Publisher: Konami
Developer: KCET
Release Date: 9/28/1999
Date Played: 1/28/2020-2/21/2020
Region: USA
Time Played: 30 hours
What’d you think?: Finally, I beat another classic JRPG. After some embarrassing failures, I had been worried that German Final Fantasy 8 was going to be the only JRPG I beat, especially as I’ve exhausted the list of ones I’m already familiar with. Before playing this I knew the Suikoden franchise only by reputation, and even then the only reputation I really knew was “JRPG series that some people like”. Now that I’ve played this, I’m interested in playing more; Suikoden II was pretty damn good.
The game is gorgeous. It got some guff in its time for having 2d sprites in an era of 3d polygons, but playing it a few decades later, they’re honestly much nicer to look at than the clunky models of something like Legend of Dragoon. There’s a lot of personality and charm in the sprites, especially during cutscene vignettes where animations will get more involved and expressive.
There’s also a ton to do in the game. You get a headquarters partway into the game that you can upgrade and play several minigames in. My playthrough lasted 30 hours, and there were probably a dozen or so recruitable characters (of the 108 total, though scores of these are recruited automatically over the course of the story) I didn’t even bother to get.

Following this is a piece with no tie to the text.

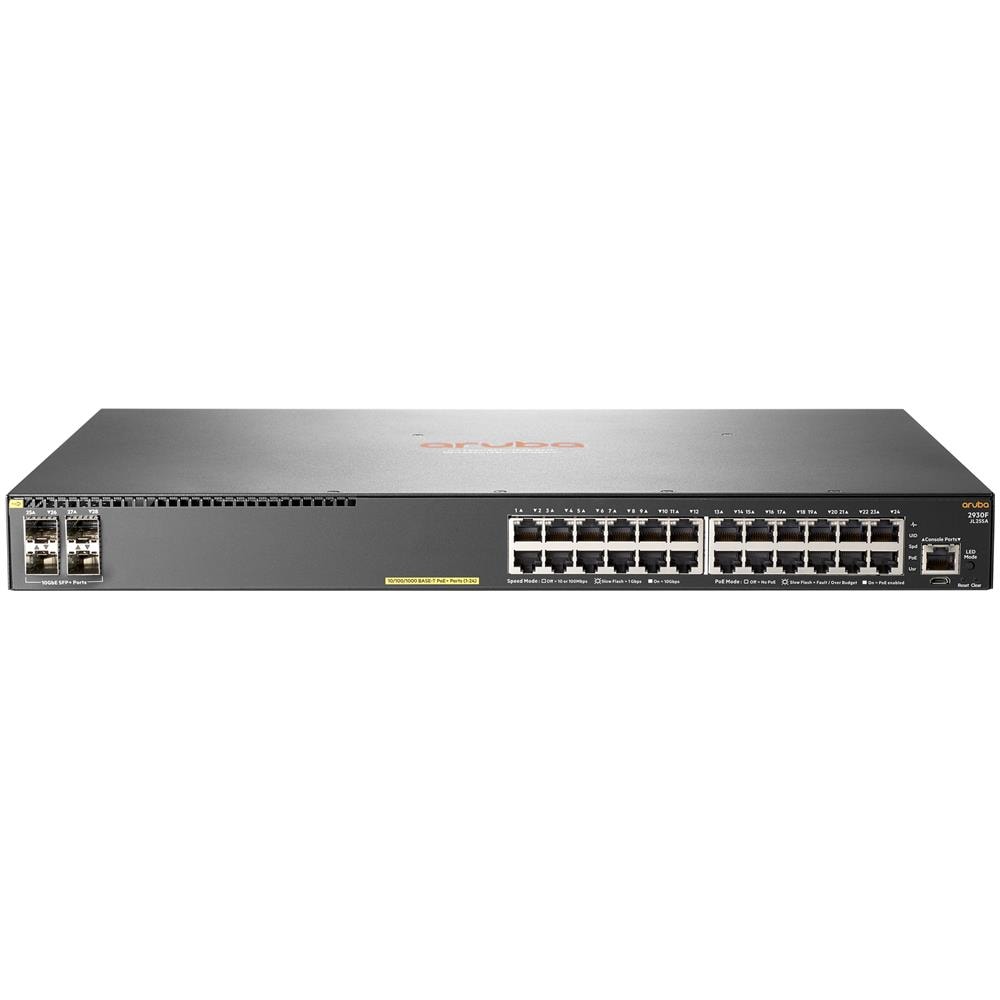 Aruba 2930f 24g Poe+ 4sfp+ Swch - Foto 1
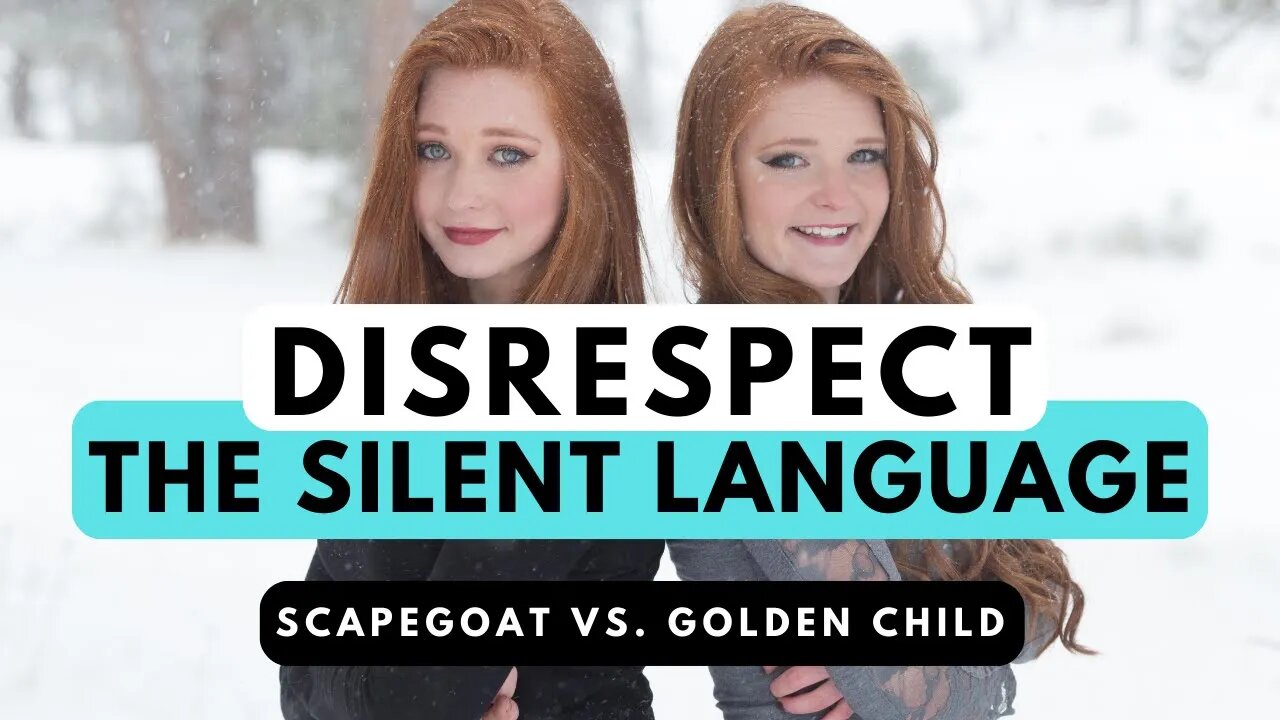 Why Does the Golden Child Disrespect the Scapegoat? | Did You Grow Up in a Narcissistic Family?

There’s lots of sidequests, one strictly time-gated, and the overall depth of content feels rather modern.
The story and setting aren’t anything spectacularly new, but deal with family, war, genocide, fascism, and refugees in ways that feel sadly timeless, and ideas of fate and destiny that personally frustrate me. I don’t want a JRPG hero strung along by fate, I want a JRPG hero with some goddamn agency. There’s a time about 3/4 of the way before the game’s actual ending where your foster sister can try to convince you that this war you’re fighting is pointless. That it will only lead to more killing. That there’s no reason at all that you, specifically, have to lead this army. So fuck it, we can run away. And you CAN. You can say fuck the war, fuck the fighting, have the lead strategist of your army slap you in disgrace, and you and your sister can bounce. You then see a cabin in the woods and “fin”. That this is considered a “bad ending” is the game’s biggest flaw. That it allows you the choice though? That despite the rune embedded in your hand being destined to fight the rune in another’s hand, that despite the psychopathic killer massacring cities, you can say it really isn’t your beef and go? That’s pretty cool, and so is Suikoden II.